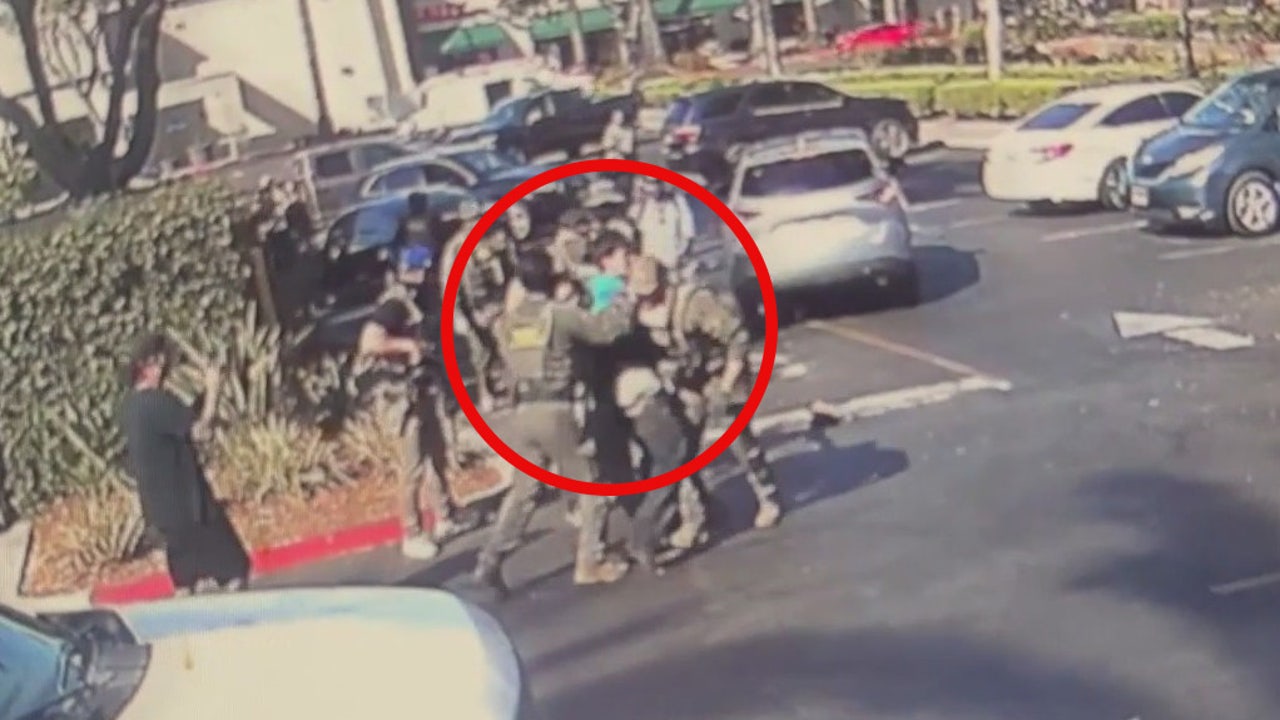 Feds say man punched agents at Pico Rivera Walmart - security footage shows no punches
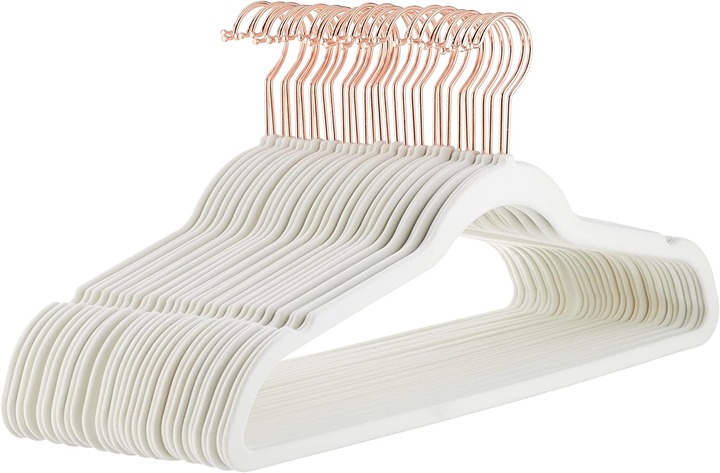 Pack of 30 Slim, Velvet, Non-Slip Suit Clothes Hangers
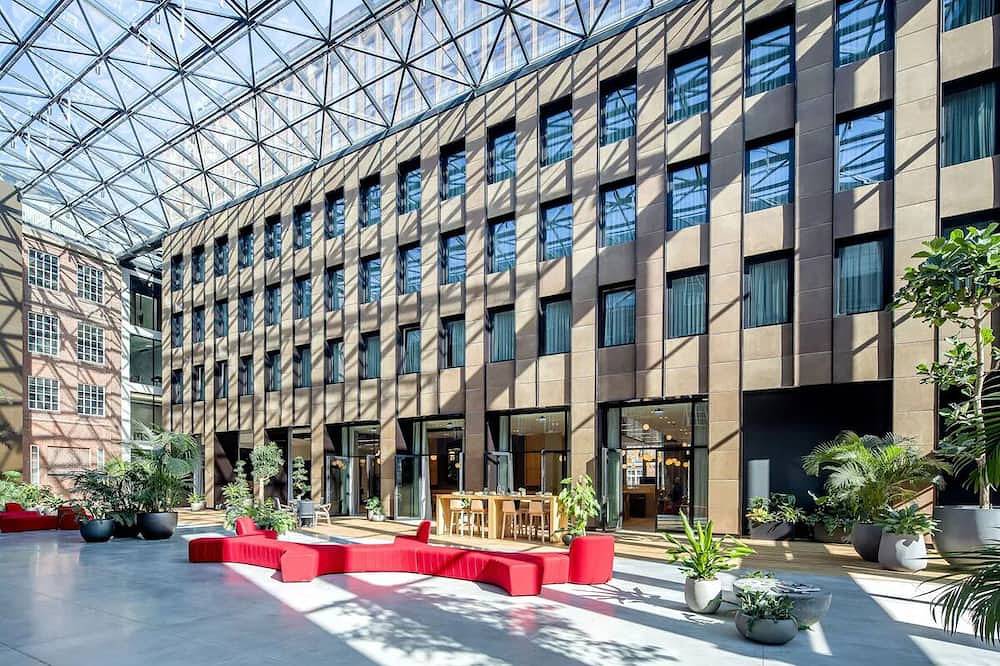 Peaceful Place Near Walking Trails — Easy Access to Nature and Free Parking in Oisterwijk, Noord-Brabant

| What you have to do |
Extract only the lines from the line containing "Pack of 30 Slim, Velvet, Non-Slip" through the final line of the listing above, unchanged; pictures stay out of the copy.

| The answer |
 Pack of 30 Slim, Velvet, Non-Slip Suit Clothes Hangers
 Peaceful Place Near Walking Trails — Easy Access to Nature and Free Parking in Oisterwijk, Noord-Brabant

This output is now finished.